The new implementation is approximately 1.6× as fast as the old one on average. Some sample cycle timings from a Cortex-M0, with test cases covering both magnitude addition and subtraction and various cases of renormalization:

New code: 73, 63, 53, 81, 81
Old code: 83, 92, 88, 153, 168

This commit also contains a more thorough test suite for single precision addition and subtraction. Using that test suite I also found that the previous arm/addsf3.S had at least one bug, which the new code fixes: adding the largest denormal (0x007fffff) to itself returned 0x007ffffe, a slightly smaller number, instead of the correct 0x00fffffe.

The test suite also includes thorough tests for the NaN handling policy implemented by the new code. This is in line with Arm's hardware FP implementations (so that switching between software and hardware FP makes as little difference as possible to the answers), but doesn't match what compiler-rt does in all other situations, so I've enabled it only under an #ifdef that should match when this implementation is selected.

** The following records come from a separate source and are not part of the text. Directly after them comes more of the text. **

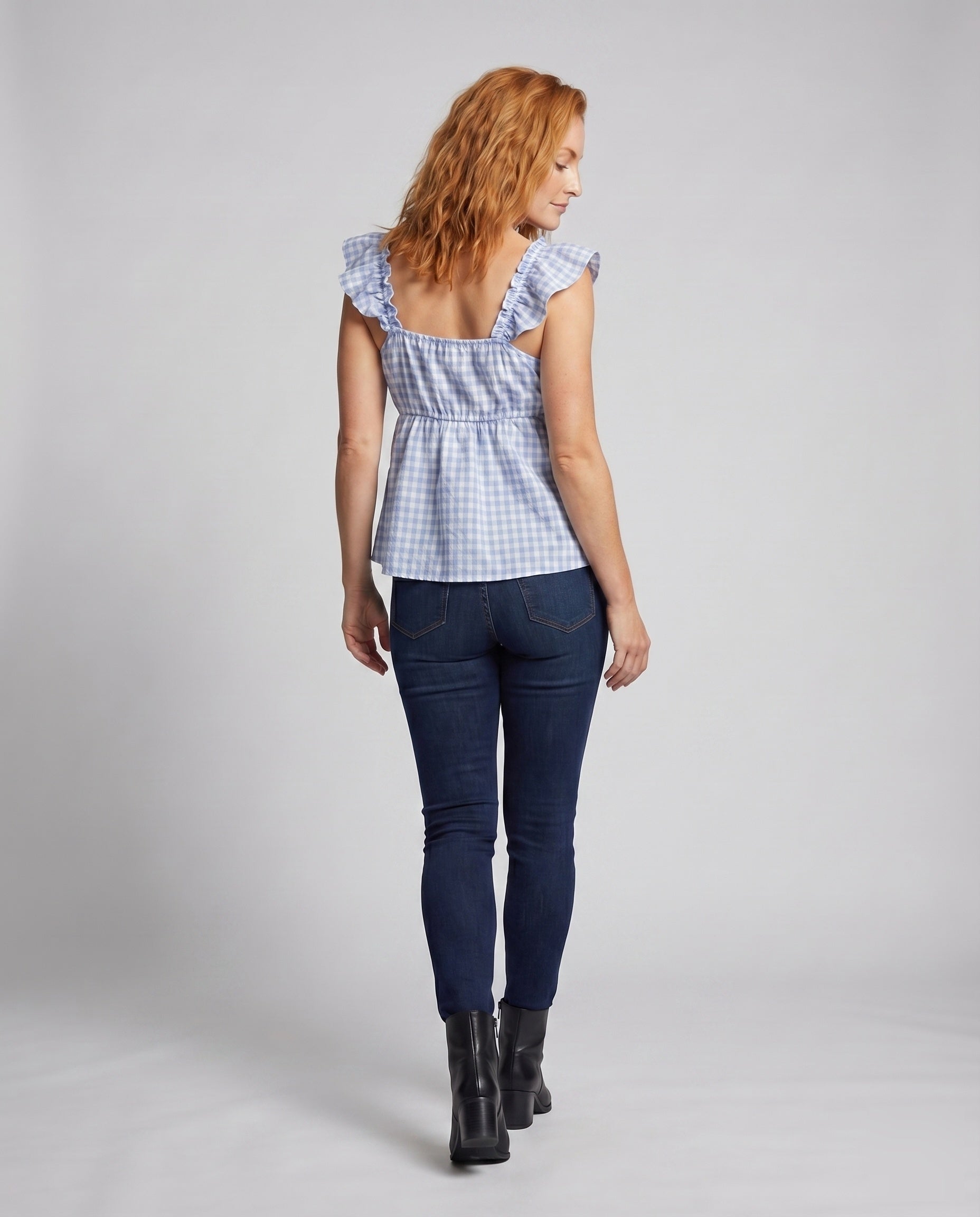 Product 15606899179850 - back_view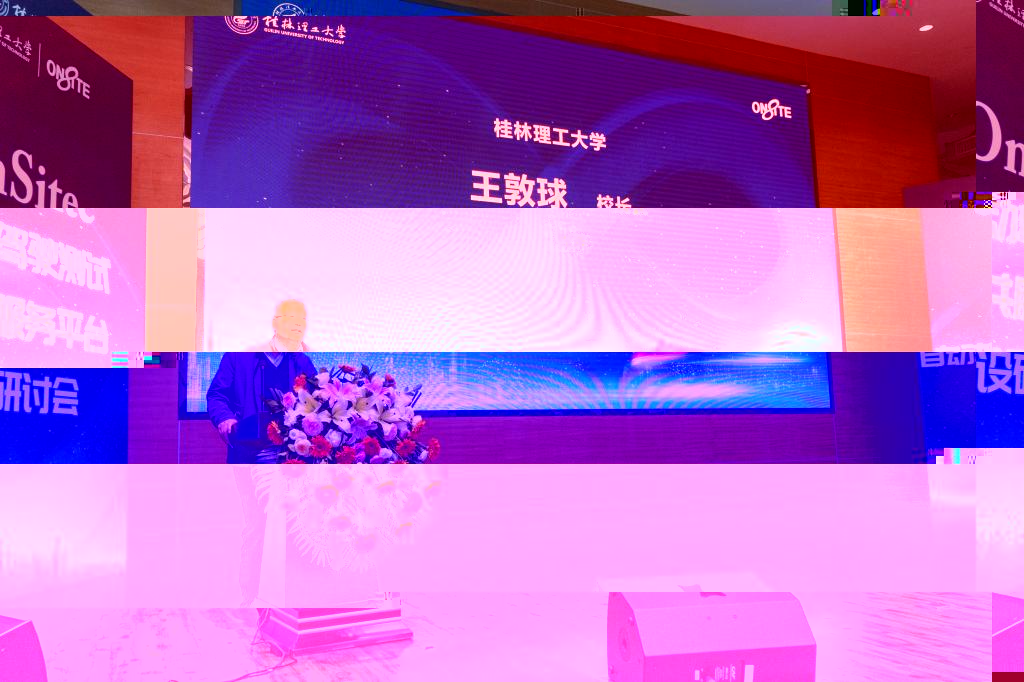 1A09A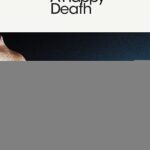Penguin Modern Classics: A Happy Death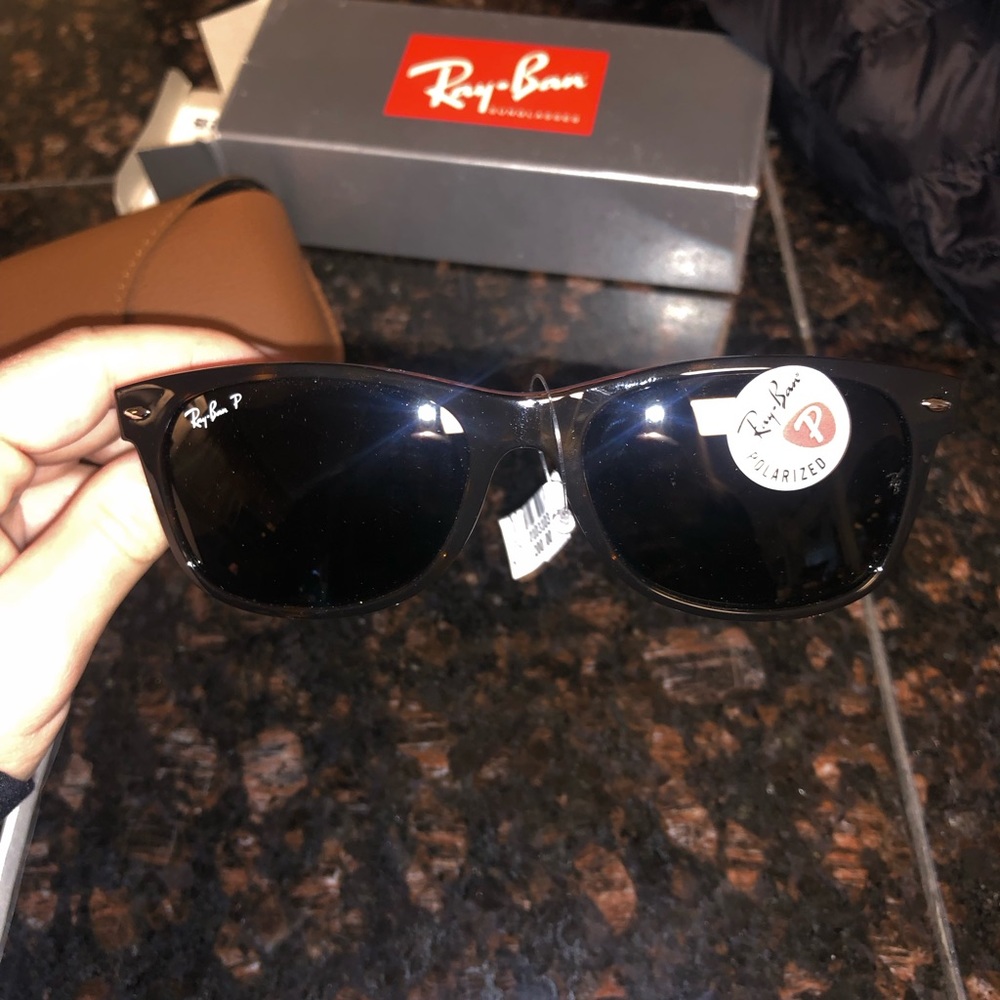 Ray-Ban - Picture 7 of 16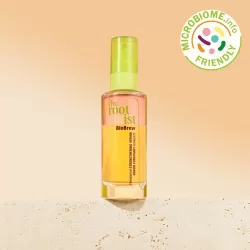 BioBrew Fermented Strengthening Serum The Rootist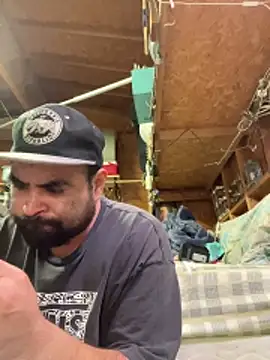 Jonathanfrom420 online show from June 4, 4:33 pm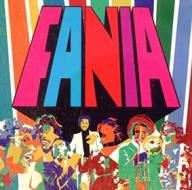 Fania records 1964-1980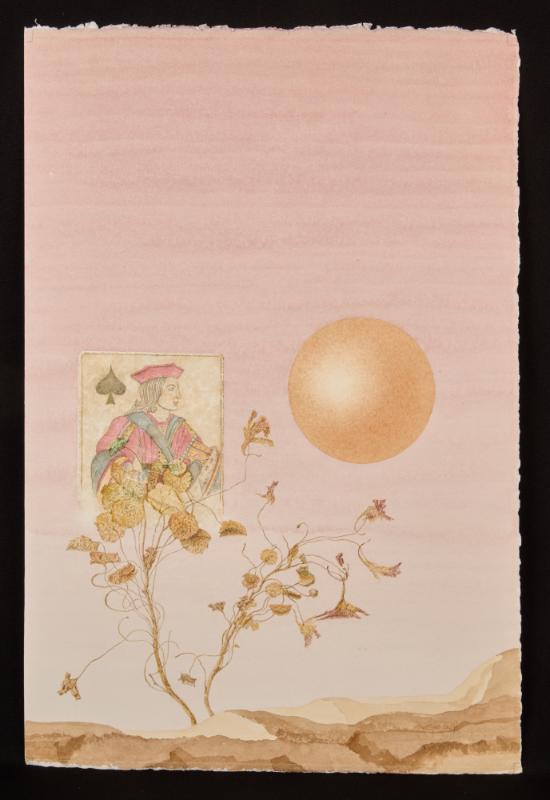 Sale Photo Thumbnail #247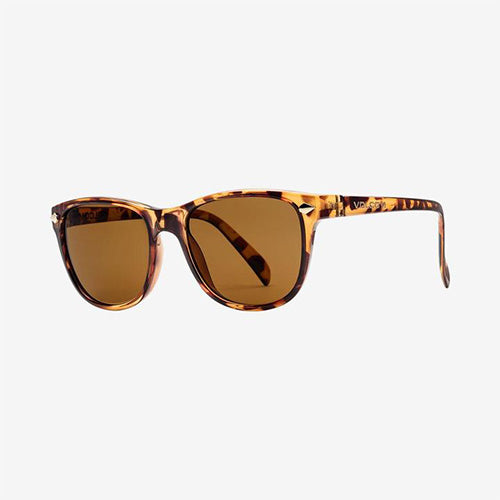 Volcom x Electric Swing Sunglasses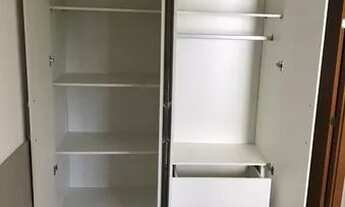 Imagem 7: SALVADOR - Apartamento Padrão - Canela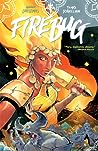 Cover of Firebug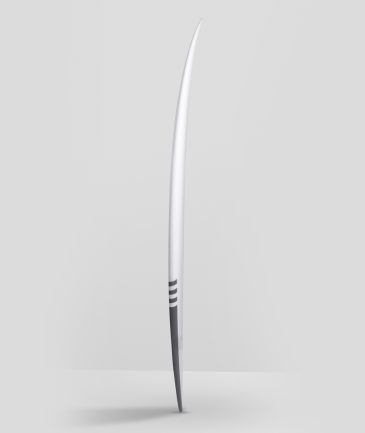 prancha-de-surf-modelo-highflyer3-silversurf-venda-produto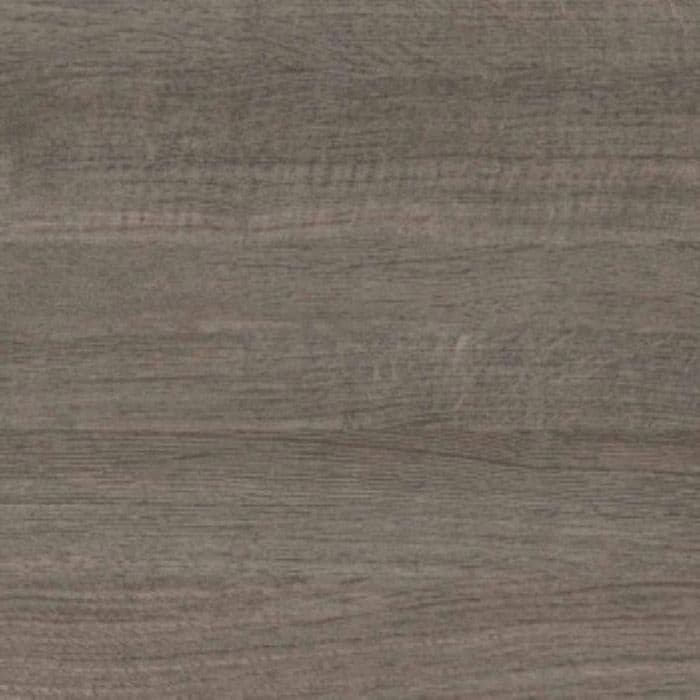 Ламинат "Kastamonu" Red Графитовое Дерево (1380*193*8 мм) — купить в Севастополе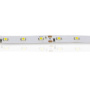 Светодиодная лента Standart class, 3528, 60led/m, Warm White, 12V, IP20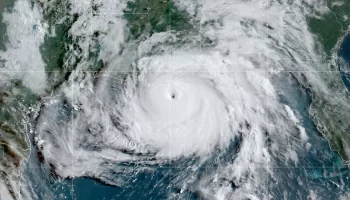 Hurricane Emergency Planning Resources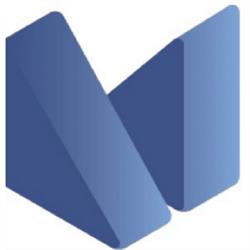 Mimaxx, Lanaken openingstijden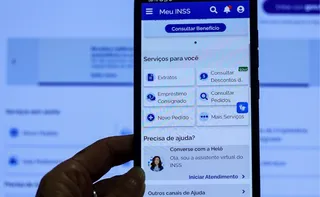 Imagem ilustrativa da imagem Banco vai devolver dinheiro a 100 mil por cobranças indevidas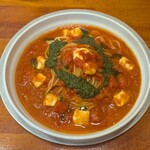 シーエムツー カフェ - 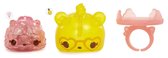 Mystery Pack Num Noms Lights serie 2
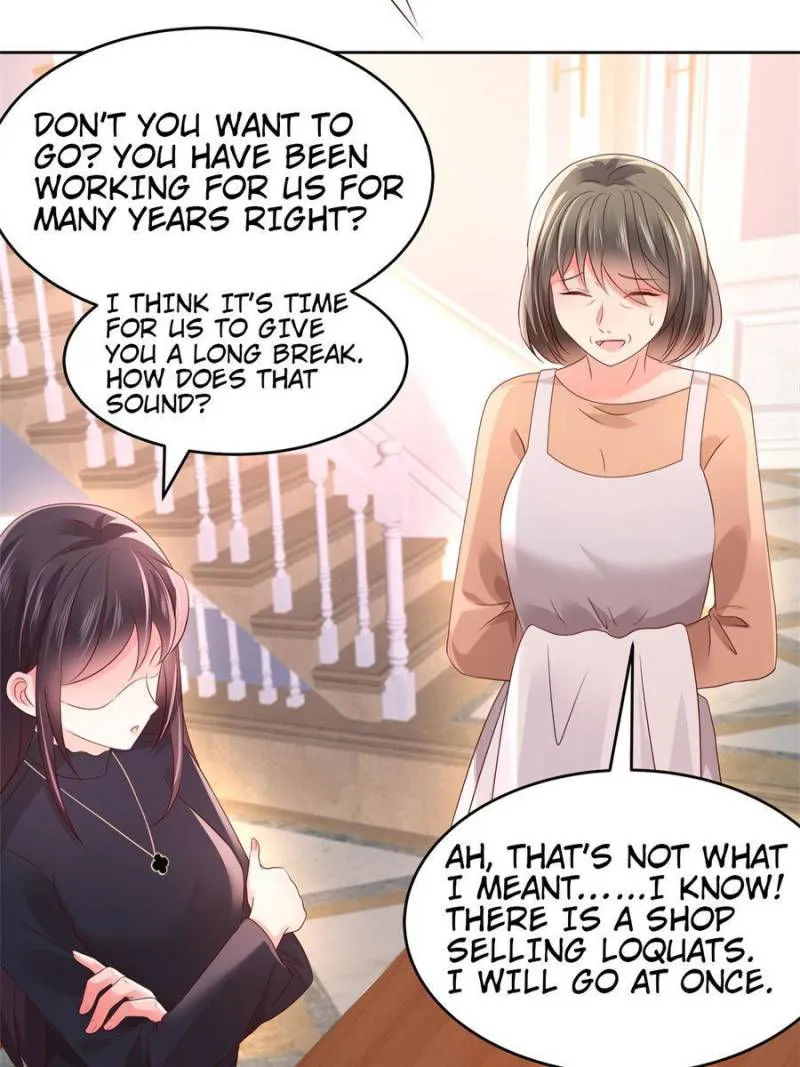 Resurrection Reunion: The Exclusive Love Chapter 42 Online - página 16
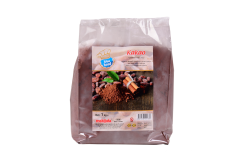 Blue Bead Kakao Tozu 1 KG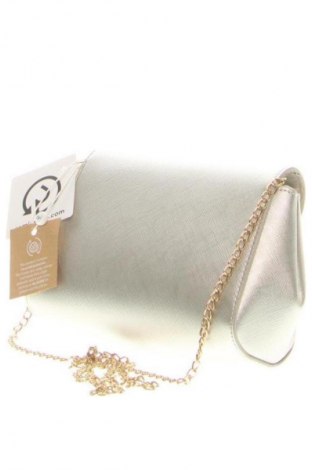 Damska torebka Anna Field, Kolor Złocisty, Cena 83,99 zł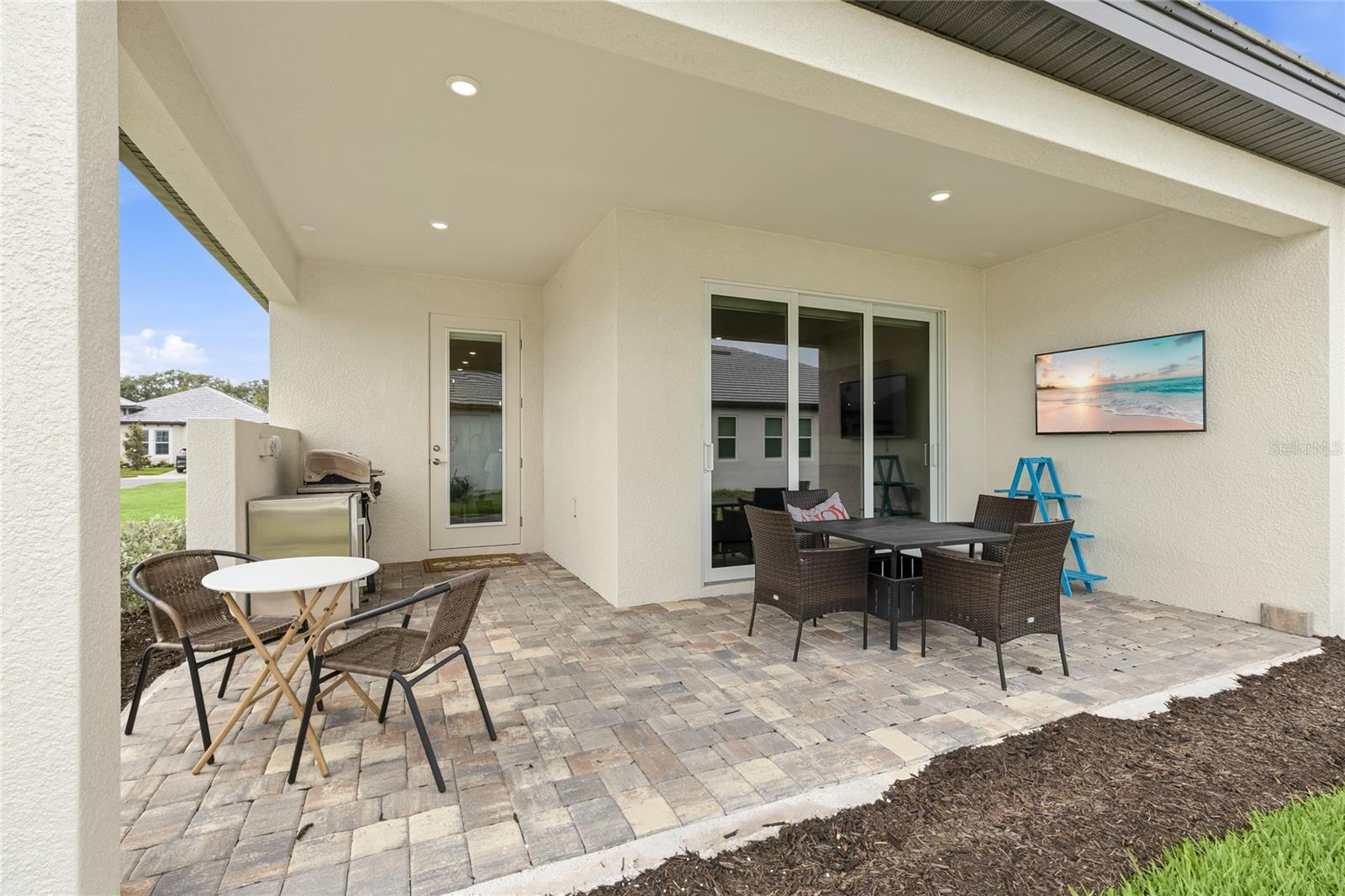 17143 SAVORY MIST CIR, LAKEWOOD RANCH, FL, 34211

The new code contains entry points for both addition and subtraction, with cross-branching between them after correcting signs. This avoids the overhead of treating subtraction as a sign-flipping wrapper on addition, but also means I had to add an extra piece of mechanism to the build scripts to allow the wrapper version of subsf3.c to be excluded from the build in the presence of the new addsf3.S. You can indicate that a platform-specific source file replaces an additional platform-independent one by setting its crt_supersedes property in cmake.